Warschawski studied at the University of Königsberg until 1926 and then moved to the University of Göttingen for his doctoral studies under the supervision of Alexander Ostrowski. Ostrowski moved to the University of Basel and Warschawski followed him there to complete his studies.

Career
After receiving his Ph.D., Warschawski took a position at Göttingen in 1930 but, due to the rise of Hitler and his own Jewish ancestry, he soon moved to Utrecht University in Utrecht, Netherlands and then Columbia University in New York City.

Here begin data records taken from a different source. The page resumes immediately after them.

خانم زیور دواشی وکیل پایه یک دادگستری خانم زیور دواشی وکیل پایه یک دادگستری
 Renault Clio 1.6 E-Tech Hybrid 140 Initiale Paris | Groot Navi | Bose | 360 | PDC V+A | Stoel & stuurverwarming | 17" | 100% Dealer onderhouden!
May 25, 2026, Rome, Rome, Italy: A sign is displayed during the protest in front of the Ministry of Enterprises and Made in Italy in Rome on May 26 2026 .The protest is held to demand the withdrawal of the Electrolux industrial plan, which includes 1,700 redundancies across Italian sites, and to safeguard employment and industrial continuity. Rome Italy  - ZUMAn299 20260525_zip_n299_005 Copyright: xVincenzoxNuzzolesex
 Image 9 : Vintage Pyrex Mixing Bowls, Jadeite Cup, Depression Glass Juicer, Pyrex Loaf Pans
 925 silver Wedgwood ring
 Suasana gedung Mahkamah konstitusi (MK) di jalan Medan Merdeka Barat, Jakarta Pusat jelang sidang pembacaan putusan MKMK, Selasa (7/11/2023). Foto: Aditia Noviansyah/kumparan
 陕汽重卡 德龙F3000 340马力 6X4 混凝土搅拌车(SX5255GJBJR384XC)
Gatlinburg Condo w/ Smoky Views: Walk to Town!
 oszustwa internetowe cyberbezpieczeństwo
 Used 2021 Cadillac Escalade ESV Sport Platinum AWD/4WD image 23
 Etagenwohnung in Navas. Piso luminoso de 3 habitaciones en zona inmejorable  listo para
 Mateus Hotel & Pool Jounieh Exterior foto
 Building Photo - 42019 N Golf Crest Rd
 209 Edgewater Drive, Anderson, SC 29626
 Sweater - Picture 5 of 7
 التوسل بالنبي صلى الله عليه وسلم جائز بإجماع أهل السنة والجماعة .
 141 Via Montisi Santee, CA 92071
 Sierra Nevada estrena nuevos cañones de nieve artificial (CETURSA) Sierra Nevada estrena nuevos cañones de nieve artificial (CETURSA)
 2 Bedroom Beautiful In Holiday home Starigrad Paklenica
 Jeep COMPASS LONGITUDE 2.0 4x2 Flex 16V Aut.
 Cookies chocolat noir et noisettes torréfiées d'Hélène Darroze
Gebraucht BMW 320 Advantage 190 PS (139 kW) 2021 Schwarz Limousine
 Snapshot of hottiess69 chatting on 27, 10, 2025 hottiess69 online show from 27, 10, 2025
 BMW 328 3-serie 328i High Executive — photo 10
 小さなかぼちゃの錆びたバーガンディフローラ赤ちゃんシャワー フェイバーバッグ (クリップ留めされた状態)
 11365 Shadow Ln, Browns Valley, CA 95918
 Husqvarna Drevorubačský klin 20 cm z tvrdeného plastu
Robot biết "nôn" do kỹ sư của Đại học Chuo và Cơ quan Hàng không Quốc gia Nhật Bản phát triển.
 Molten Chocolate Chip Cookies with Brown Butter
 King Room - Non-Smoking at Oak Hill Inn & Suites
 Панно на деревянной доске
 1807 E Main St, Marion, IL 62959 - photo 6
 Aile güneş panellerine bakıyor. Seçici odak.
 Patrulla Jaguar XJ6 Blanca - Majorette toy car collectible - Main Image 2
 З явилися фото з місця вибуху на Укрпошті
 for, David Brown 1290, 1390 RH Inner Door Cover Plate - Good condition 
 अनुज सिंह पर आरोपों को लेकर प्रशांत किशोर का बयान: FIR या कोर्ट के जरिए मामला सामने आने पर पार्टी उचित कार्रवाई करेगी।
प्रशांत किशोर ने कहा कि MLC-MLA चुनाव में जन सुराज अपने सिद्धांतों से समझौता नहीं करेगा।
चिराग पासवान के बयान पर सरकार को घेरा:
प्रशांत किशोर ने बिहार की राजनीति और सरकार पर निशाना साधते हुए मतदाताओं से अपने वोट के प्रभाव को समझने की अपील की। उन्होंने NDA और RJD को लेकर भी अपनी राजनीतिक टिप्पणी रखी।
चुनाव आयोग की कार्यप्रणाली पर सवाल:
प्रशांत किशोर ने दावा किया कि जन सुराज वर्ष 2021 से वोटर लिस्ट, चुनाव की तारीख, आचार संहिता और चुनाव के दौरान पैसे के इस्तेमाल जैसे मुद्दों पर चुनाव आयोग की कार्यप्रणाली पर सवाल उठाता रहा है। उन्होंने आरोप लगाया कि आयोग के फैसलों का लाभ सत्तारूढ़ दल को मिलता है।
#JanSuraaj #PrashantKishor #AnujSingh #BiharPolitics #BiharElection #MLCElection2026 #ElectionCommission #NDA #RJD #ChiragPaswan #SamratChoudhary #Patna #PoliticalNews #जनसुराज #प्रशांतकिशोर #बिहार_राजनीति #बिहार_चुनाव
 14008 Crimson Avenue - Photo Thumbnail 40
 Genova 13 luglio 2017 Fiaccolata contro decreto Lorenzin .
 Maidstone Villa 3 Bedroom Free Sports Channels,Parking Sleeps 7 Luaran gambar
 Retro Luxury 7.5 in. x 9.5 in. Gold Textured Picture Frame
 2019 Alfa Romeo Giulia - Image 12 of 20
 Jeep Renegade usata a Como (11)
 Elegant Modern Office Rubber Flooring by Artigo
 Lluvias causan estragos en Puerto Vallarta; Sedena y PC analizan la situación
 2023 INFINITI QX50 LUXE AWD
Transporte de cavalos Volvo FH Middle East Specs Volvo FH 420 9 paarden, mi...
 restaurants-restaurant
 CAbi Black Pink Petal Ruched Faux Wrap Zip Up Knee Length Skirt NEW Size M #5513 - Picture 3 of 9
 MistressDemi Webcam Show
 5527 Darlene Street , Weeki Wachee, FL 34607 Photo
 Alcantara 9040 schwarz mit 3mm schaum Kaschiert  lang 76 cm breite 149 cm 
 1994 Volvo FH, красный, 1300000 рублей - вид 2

After a sequence of temporary positions, he found a permanent faculty position at Washington University in St. Louis in 1939. During World War II he moved to Brown University and then the University of Minnesota, where he remained until his 1963 move to San Diego, where he was the founding chair of the mathematics department. Warschawski stepped down as chair in 1967, and retired in 1971, but remained active in research: approximately one third of his research publications were written after his retirement. Over the course of his career, he advised 19 Ph.D. students, all but one at either Minnesota or San Diego. Vernor Vinge is among Warschawski's doctoral students.

Research
Warschawski was known for his research on complex analysis and in particular on conformal maps. He also made contributions to the theory of minimal surfaces and harmonic functions.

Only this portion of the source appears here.